What is expected:
Ignoring every picture, transcribe the data in full as it stands.

Data excerpt:
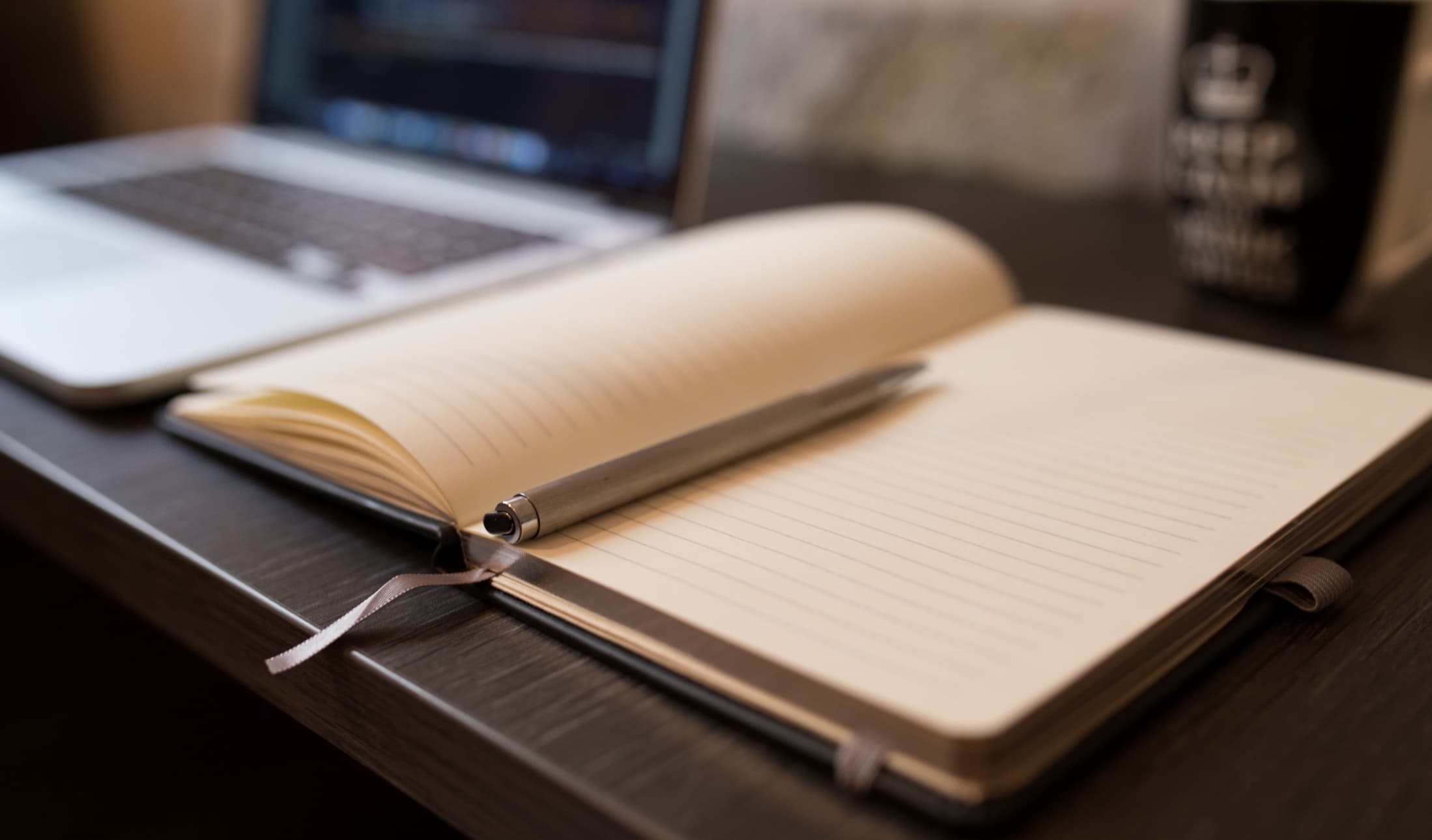 open notebook blank page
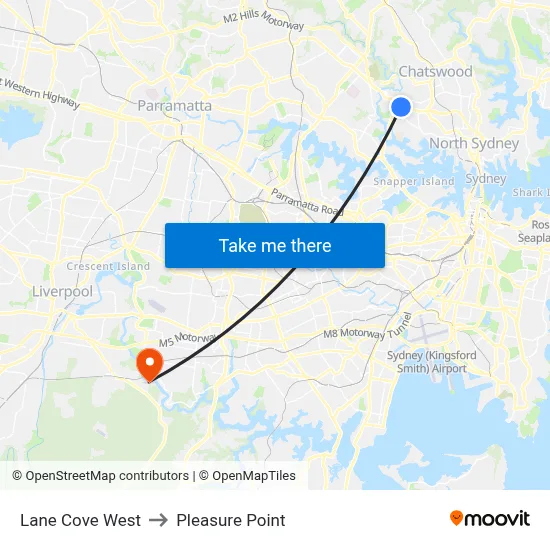 Lane Cove West to Pleasure Point map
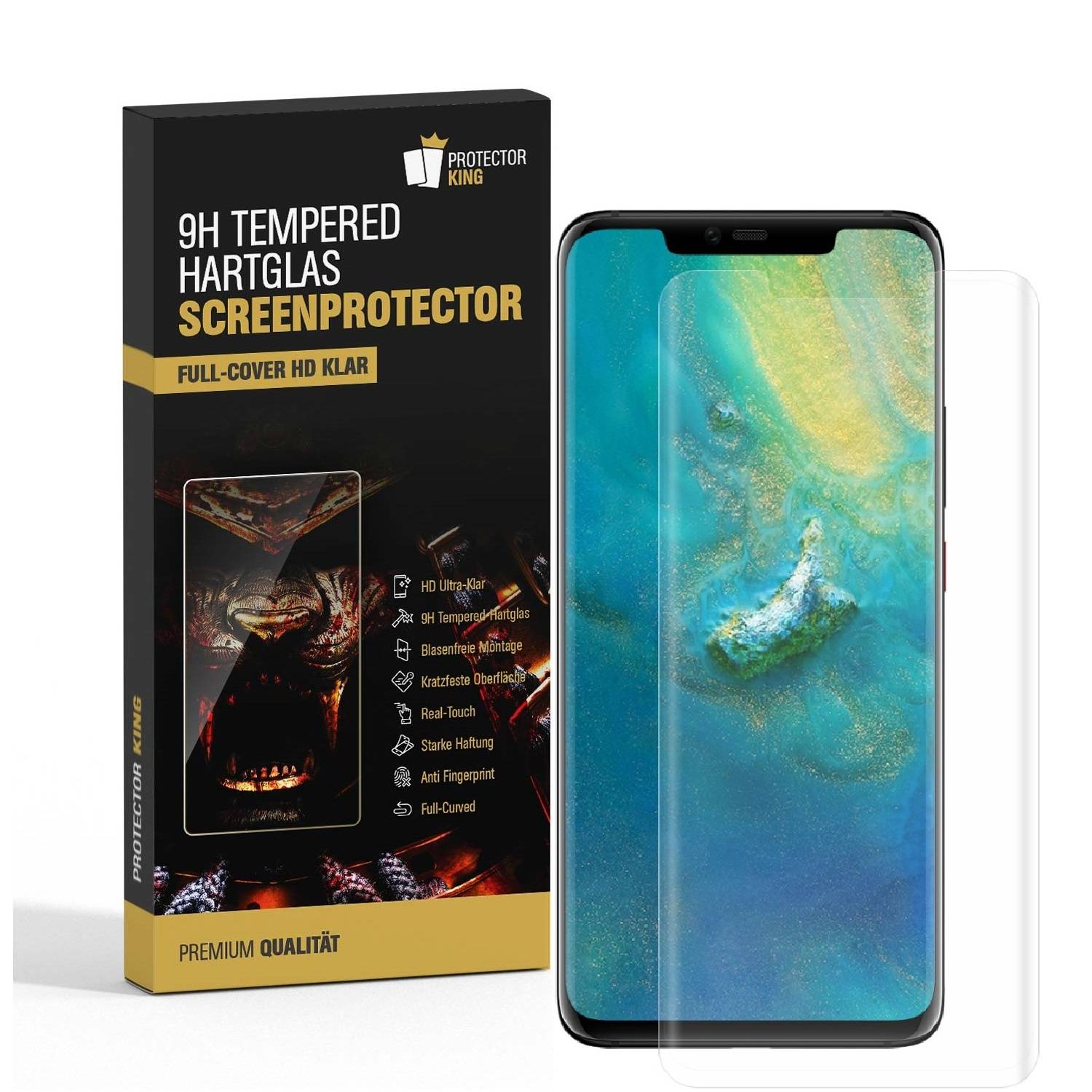 3x 9H Panzerglas für Huawei Mate 20 Pro FULL CURVED HD KLAR echtes Tempered Glass Displayschutz Schutzglas Hartglas Schutzfolie Screen-Protector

Result of this exercise:
 open notebook blank page
 Lane Cove West to Pleasure Point map
 3x 9H Panzerglas für Huawei Mate 20 Pro FULL CURVED HD KLAR echtes Tempered Glass Displayschutz Schutzglas Hartglas Schutzfolie Screen-Protector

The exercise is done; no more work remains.